The Hebrew Bible doesn’t mention the role of rodents in spreading the epidemic, but the Greek translation known as the Septuagint does. This translation was composed around the third century B.C.E. for the Jews of Alexandria, and it adds a detail not found in the Hebrew original: “And the Ark was seven months in the country of the Philistines, and their land brought forth swarms of mice.” These “swarms of mice,” missing from the Hebrew text, are a key to identifying the epidemic.

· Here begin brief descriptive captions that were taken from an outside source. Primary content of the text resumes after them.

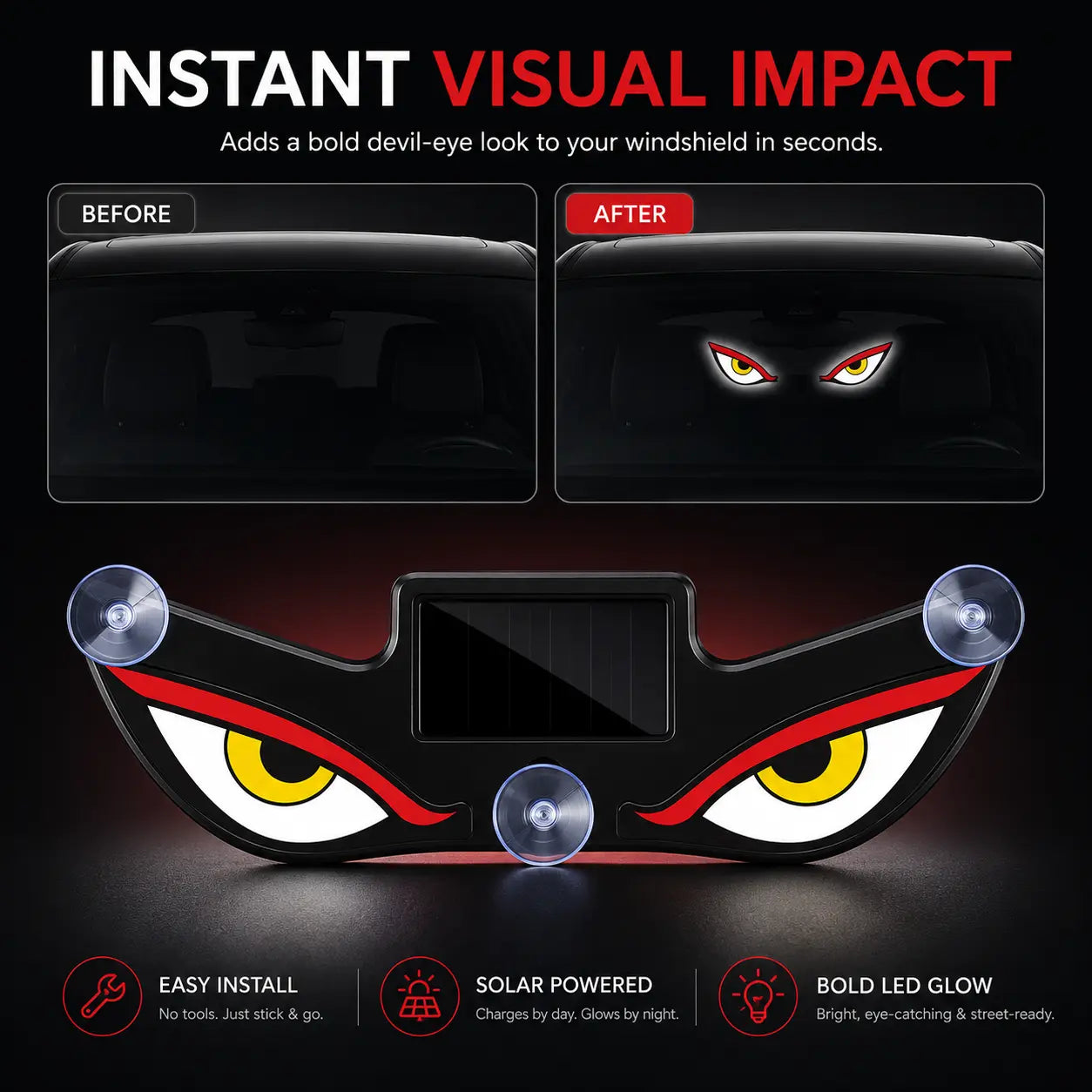 Devil Eye Solar LED Car Light – Vibration Activated & Type-C Rechargeable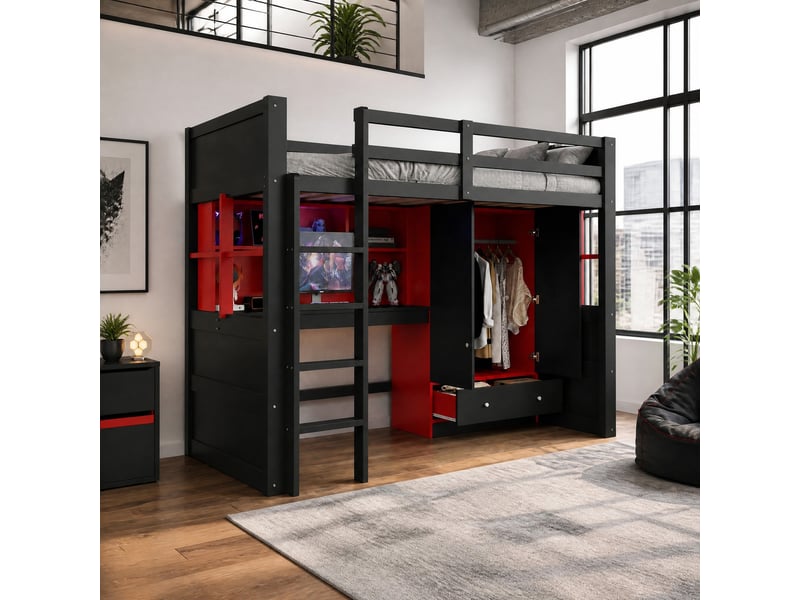  Lit mezzanine 90x200 cm avec bureau, armoire, tiroirs et led, noir et rouge  - Conforama C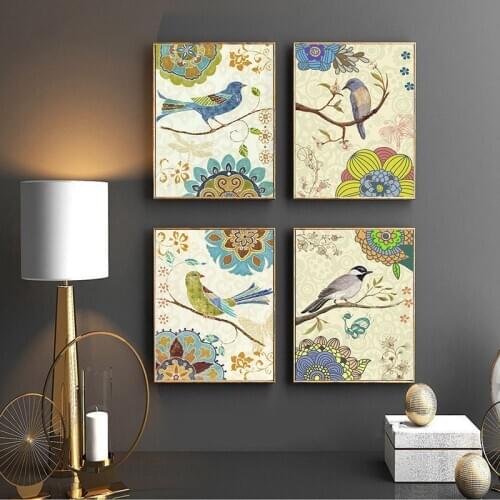 American Vintage Watercolor Flowers and Birds on Tree Canvas Painting Art Print Poster Wall Art Picture Home Decor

Rodents play a key role in the transmission of bubonic plague. It was these swarms of mice (or really rats, which are the primary host for the rat flea that carries the plague bacteria Yersinia) that were responsible for spreading the plague among the Philistines, causing the lymphatic swellings that characterize the bubonic plague.
One of the first people to identify the outbreak as bubonic plague was the Swiss naturalist Johan Jakob Scheuchzer, who died in 1733. Scheuchzer’s many works included the four-volume Latin Physica Sacra, where he noted that ophalim were buboes. “I therefore come to the conclusion,” he wrote, “that the disease which cased so many deaths among the Philistines was real plague.” But Sheuchzer’s written works were predated by the artist Nicolas Poussin (1594– 1665), whose painting The Plague of Ashdod became “the most imitated and celebrated plague painting of the seventeenth century.”